ATI RN
Nursing Care of Children Final ATI
1. A child diagnosed with aplastic anemia is admitted to the hospital. The parents ask the nurse what aplastic anemia is. Which response by the nurse is accurate?
- A. Aplastic anemia causes a proliferation of white blood cells.
- B. Aplastic anemia is characterized by abnormally shaped red blood cells.
- C. Aplastic anemia is caused by the bone marrow producing inadequate cells.
- D. Aplastic anemia is a disorder that occurs after a viral illness.
Correct answer: C
Rationale: Aplastic anemia is a condition where the bone marrow fails to produce sufficient red blood cells, white blood cells, and platelets, leading to pancytopenia. This can result in fatigue, infections, and bleeding tendencies. It is not characterized by abnormal red blood cell shapes, but rather by a reduction in the production of blood cells. Therefore, the accurate response is that aplastic anemia is caused by the bone marrow producing inadequate cells. Choices A and B are incorrect as aplastic anemia does not cause a proliferation of white blood cells or involve abnormally shaped red blood cells. Choice D is incorrect as aplastic anemia is not typically a disorder that occurs after a viral illness.
2. A child is admitted with renal failure.

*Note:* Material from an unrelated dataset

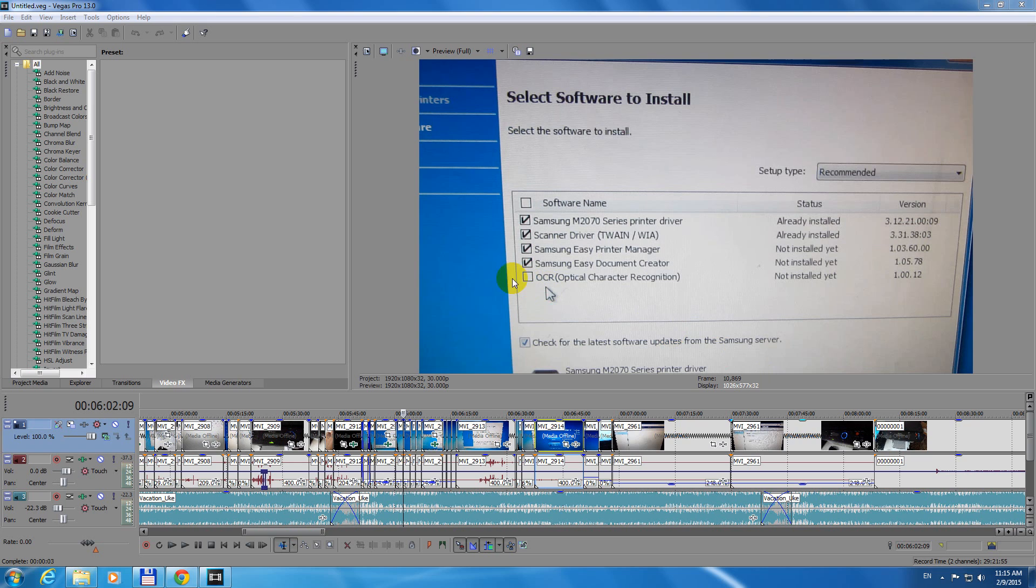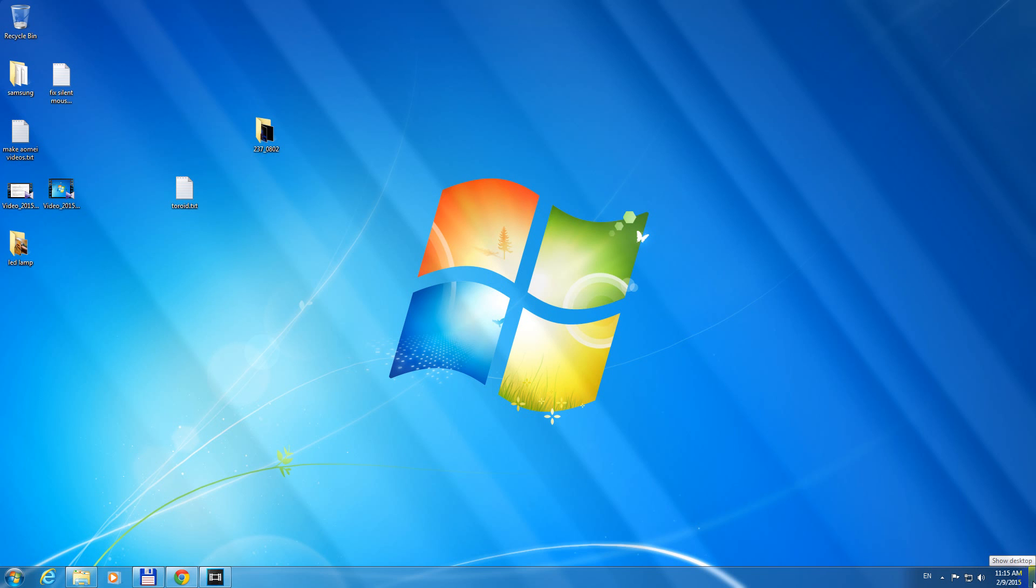and that is because I moved accidentally, more or less accidentally, the cursor down to the lower right corner. It says show desktop.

Which of these findings should the nurse expect?
- A. Decreased BUN
- B. Azotemia and oliguria
- C. Increased glomerular filtration rate (GFR)
- D. Polyuria and elevated creatinine clearance
Correct answer: B
Rationale: Azotemia (elevated BUN and creatinine) and oliguria (reduced urine output) are classic signs of renal failure, indicating impaired kidney function. In renal failure, the kidneys are unable to effectively filter waste products, leading to an increase in BUN and creatinine levels in the blood. Additionally, oliguria occurs due to decreased kidney function. Increased GFR (Choice C) is not expected in renal failure as it signifies improved kidney function, which is not the case in renal failure. Polyuria and elevated creatinine clearance (Choice D) are not typical findings in renal failure. Polyuria is more commonly associated with conditions like diabetes insipidus, while elevated creatinine clearance would indicate increased kidney function, which is contrary to the impaired function seen in renal failure.
3. The nurse is preparing a 9-year-old boy before obtaining a blood specimen by venipuncture. The child tells the nurse he does not want to lose his blood. What approach is best by the nurse?
- A. Explain that it will not be painful.
- B. Suggest to him that he not worry about losing just a little bit of blood.
- C. Discuss with him how his body is always in the process of making blood.
- D. Tell the child that he will not even need a Band-Aid afterward because it is a simple procedure.
Correct answer: C
Rationale: Discussing how the body continuously makes blood helps the child understand that losing a small amount is normal and not harmful. This educational approach also helps reduce anxiety by giving the child a sense of control over the situation.
4. A two-month-old infant who has gastroesophageal reflux is thriving without other complications. Which instruction should the nurse include in the teaching plan?
- A. Place the infant in the Trendelenburg position after feeding
- B. Thicken formula with rice cereal
- C. Give continuous nasogastric feedings
- D. Give larger, less frequent feeds
Correct answer: B
Rationale: The correct instruction for a two-month-old infant with gastroesophageal reflux who is thriving without complications is to thicken the formula with rice cereal. This can help reduce reflux by increasing the weight of the formula, making it less likely to be regurgitated. Placing the infant in the Trendelenburg position after feeding (Choice A) is not recommended as it can increase the risk of aspiration. Continuous nasogastric feedings (Choice C) are not typically indicated for uncomplicated reflux in infants. Giving larger, less frequent feeds (Choice D) can worsen reflux symptoms by overloading the stomach.
5. A six-year-old child is admitted to the hospital with a diagnosis of urinary tract infection. Which of these factors contribute to urinary tract infections in young children?
- A. Excessive intake of carbonated beverages.
- B. Insufficient water intake to flush the kidneys.
- C. Voiding pattern of 5-6 times a day.
- D. Infrequent voiding which results in urinary stasis.
Correct answer: D
Rationale: Infrequent voiding can lead to urinary stasis, which increases the risk of urinary tract infections by allowing bacteria to multiply in the bladder. Encouraging regular voiding and proper hydration can help prevent UTIs. Choices A, B, and C are incorrect. Excessive intake of carbonated beverages may irritate the bladder but is not a direct cause of UTIs. Insufficient water intake can concentrate urine but does not necessarily lead to infections. A voiding pattern of 5-6 times a day is within the normal range and is not associated with increased UTI risk.